Task to carry out:
Please return the data word for word and leave out any picture it contains.

Source material:

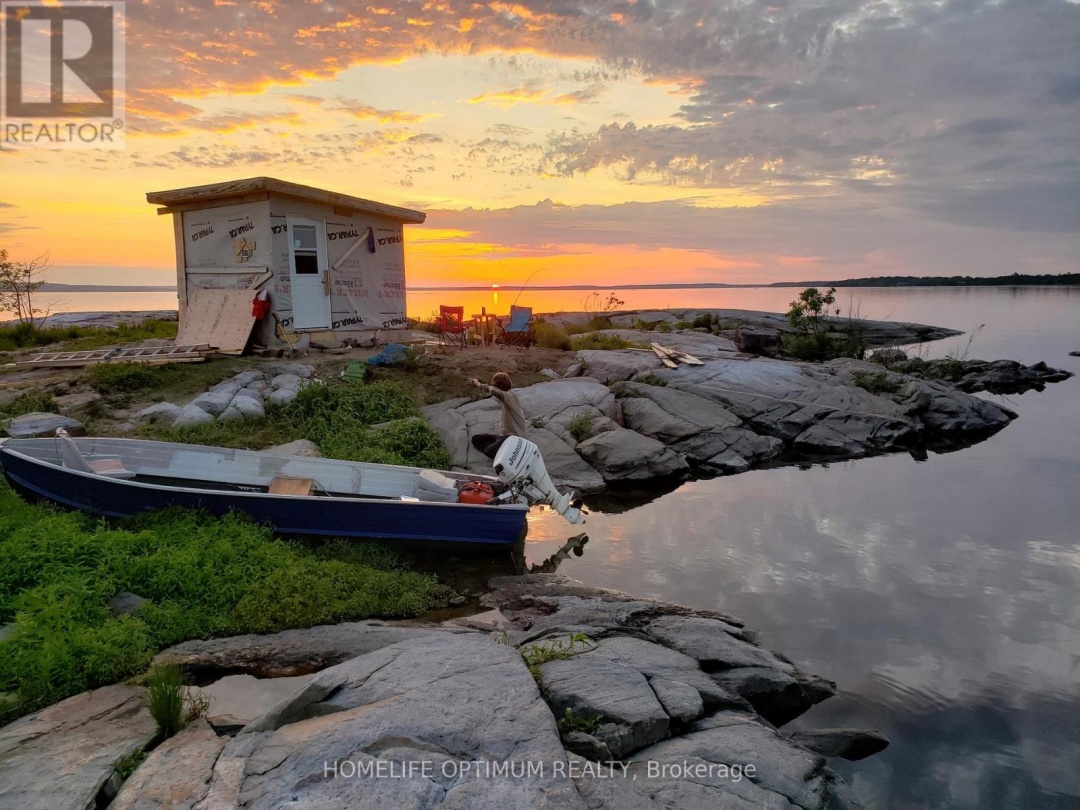 70 GEORGIAN BAY ISLAND, Georgian Bay (Baxter)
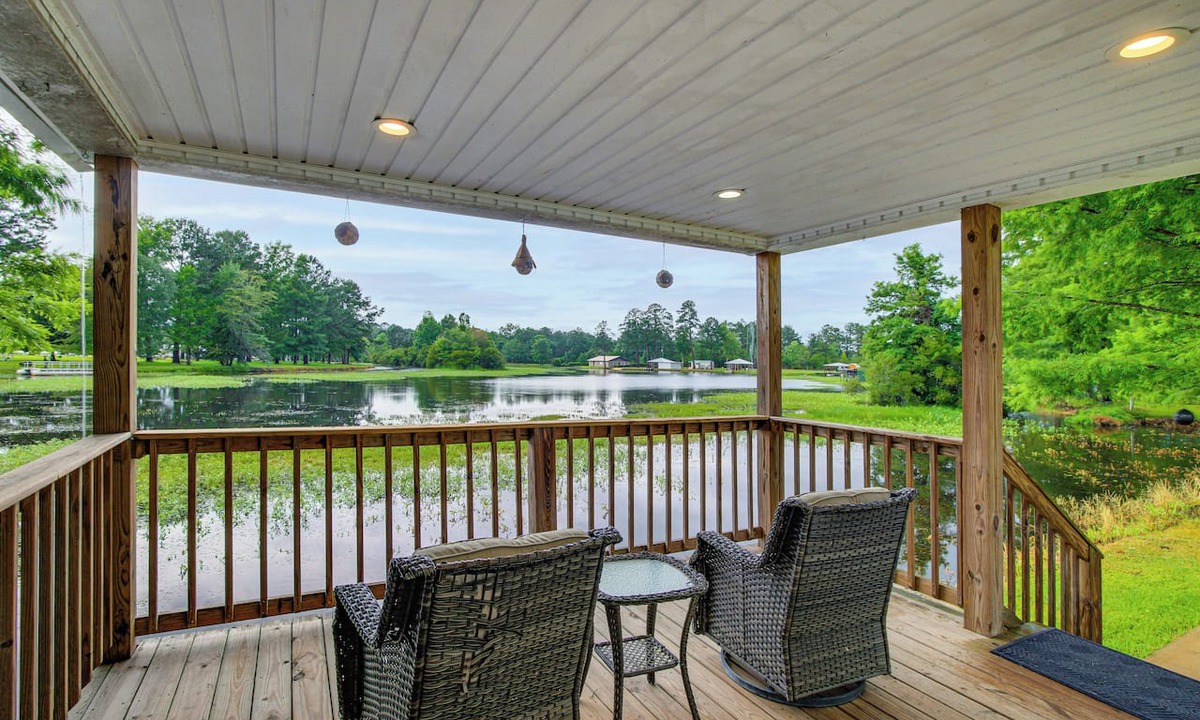 Andalusia House | Waterfront Couples Retreat w/Views in Andalusia!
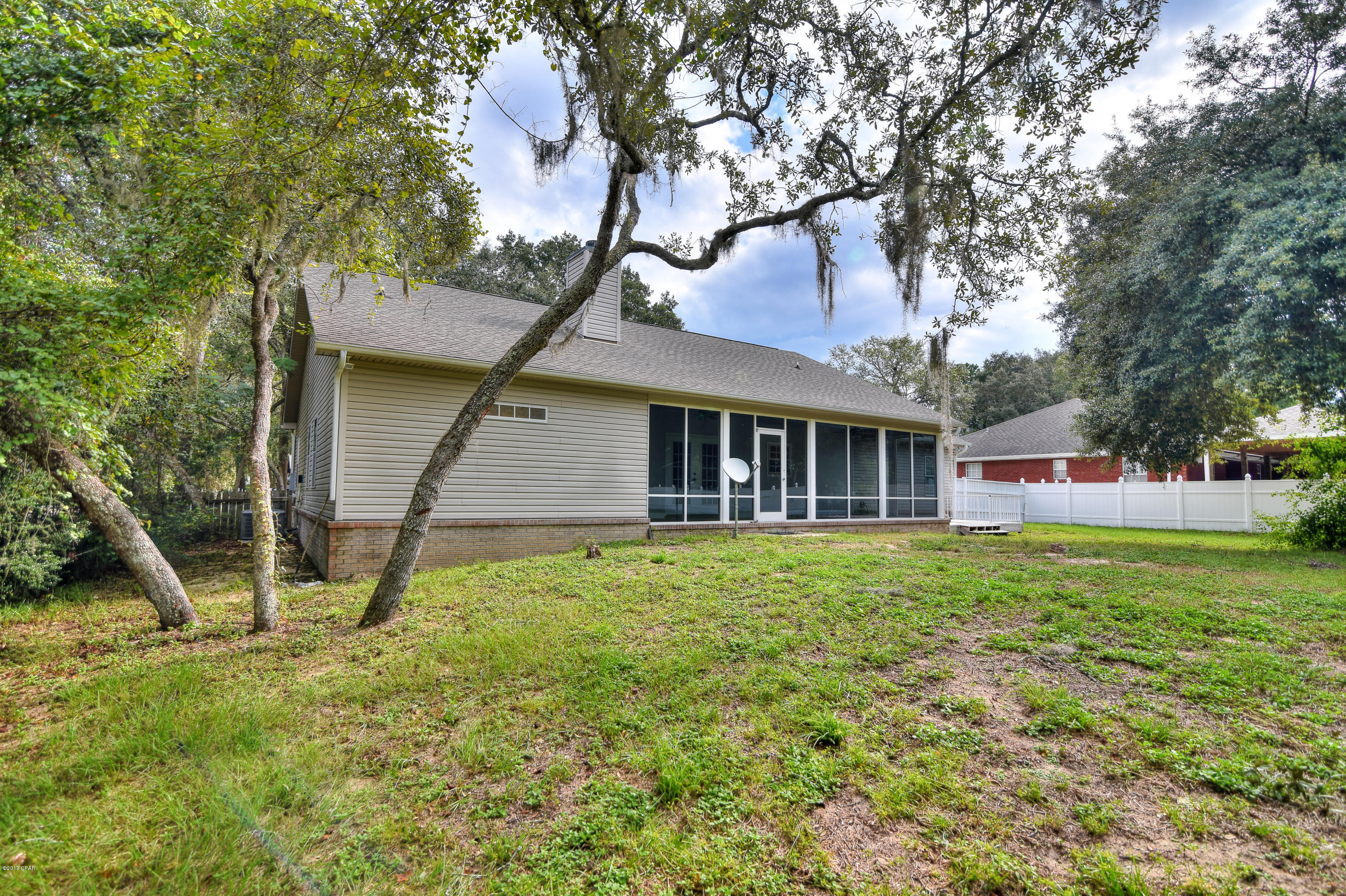 Lake Forest Estates - Residential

Exercise answer:
 70 GEORGIAN BAY ISLAND, Georgian Bay (Baxter)
 Andalusia House | Waterfront Couples Retreat w/Views in Andalusia!
 Lake Forest Estates - Residential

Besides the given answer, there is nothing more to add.